Amanda Renteria: Yeah. And I just want to add one more thing to that, which does keep me up at night. I think it will be harder to see people that we haven’t seen. If they’re not right now visible as we move to digital. And it scares me, I mean, truly scares me as we think about folks who have been pretty checked out. That now that you’re going to bring online systems, you just won’t find them. Right. And that, that is really concerning from a government, from a civic tech, from a, the public good standpoint. And so, I hope, you know, we’re all intentional about making sure that people are online and seen, and that world, that broader perspective is there from the beginning. 

Alistair Croll: Yeah, for sure. I can’t believe we got to introduce the two of you. This is great. I feel like I felt like some kind of international states person here, so like the G7, [00:45:00] you know, anyway, thank you both so much for being here. It’s a pleasure to introduce you to one another. It’s great to see both of your faces again. Thank you for all the amazing work you’ve been doing with your organizations. Not just over the last 18 months or so. To really put a breath of fresh air into the halls of government, because I think it’s making a tangible difference. And it’s great that the two of, you know, each other feel free to talk amongst yourselves whenever you’d like to. And I’m sure we’ll see both at FWD50. Thank you so much for being here today. 

Dorothy Eng: Thank you so much. It was great. Take care.

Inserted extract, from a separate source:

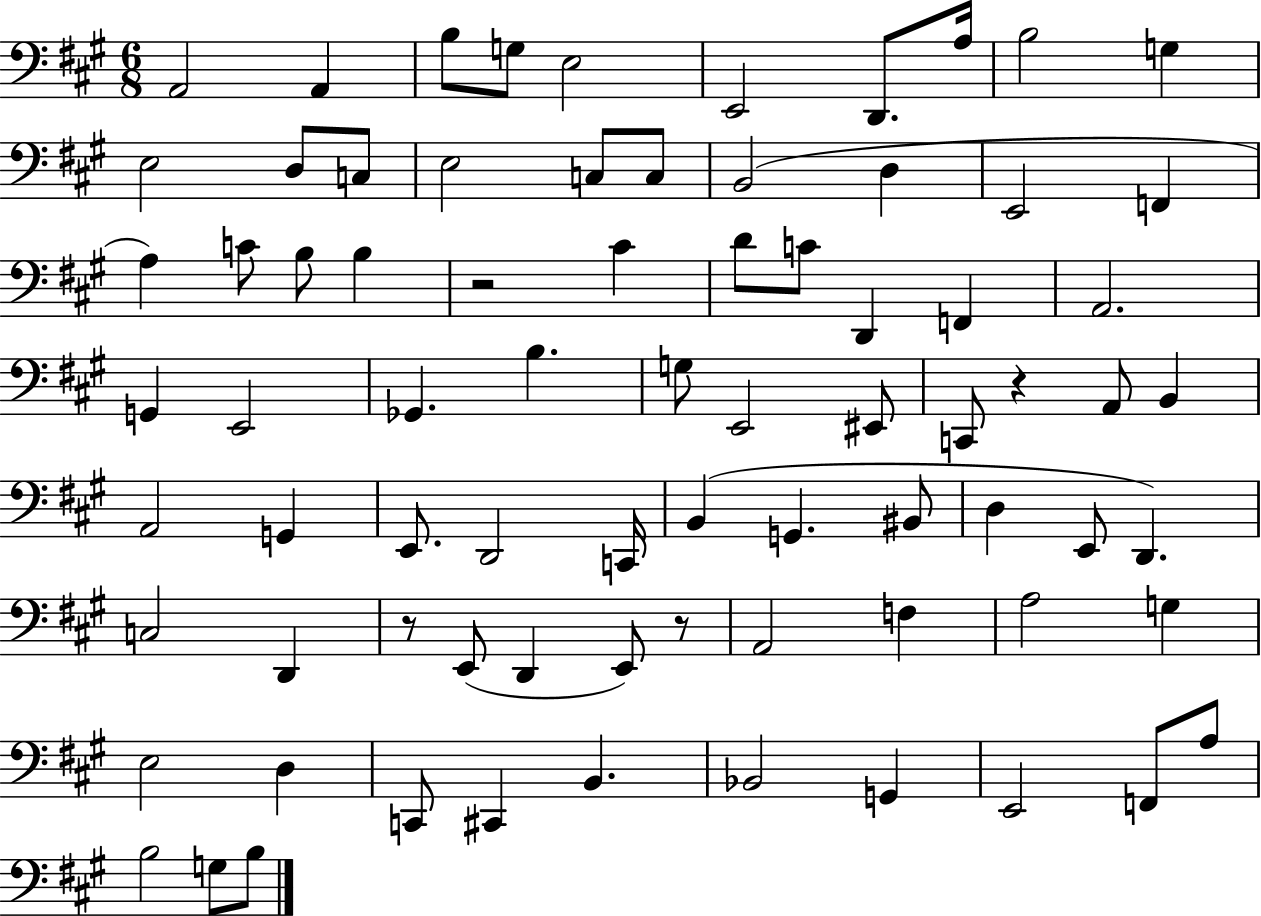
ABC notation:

We often talk about the “private” and “public” sector to separate the activities of free enterprise from those of the government. That’s a simplistic distinction, of course: Academia, non-profits, lobbyists, and many other organizations try to steer society towards their goals. But it’s a convenient scalpel with which to divide government discussions.

Governments run on information. As tech has made it easier for many groups to work with information, we’ve seen the rise of a third sector: Civic Tech. It’s the  intersection of citizen coders and government tech. It occupies a “third space” between individual activism and public sector services. And its proponents have one foot in the halls of government, and the other in the realities of fast-changing technological innovation.

First launched as a “peace corps for startups” or “gap year” for technologists, the movement has grown worldwide. Code for America was the biggest and most visible of these movements. Over the years, it spawned similar organizations abroad. The model also evolved as governments launched their own Digital Services groups.

Amanda Renteria is the CEO of Code for America. Dorothy Eng is her Canadian counterpart, the new Executive Director of Code for Canada. When we asked them to join us, we didn’t realize that they’d never met, which made this conversation all the more delightful! In the latest FWDThinking episode, Amanda and Dorothy talk about working with vendors, supporting public servants, when to go deep and when to go wide, and much more. Most of all, we loved seeing them meet and compare their worlds for the first time!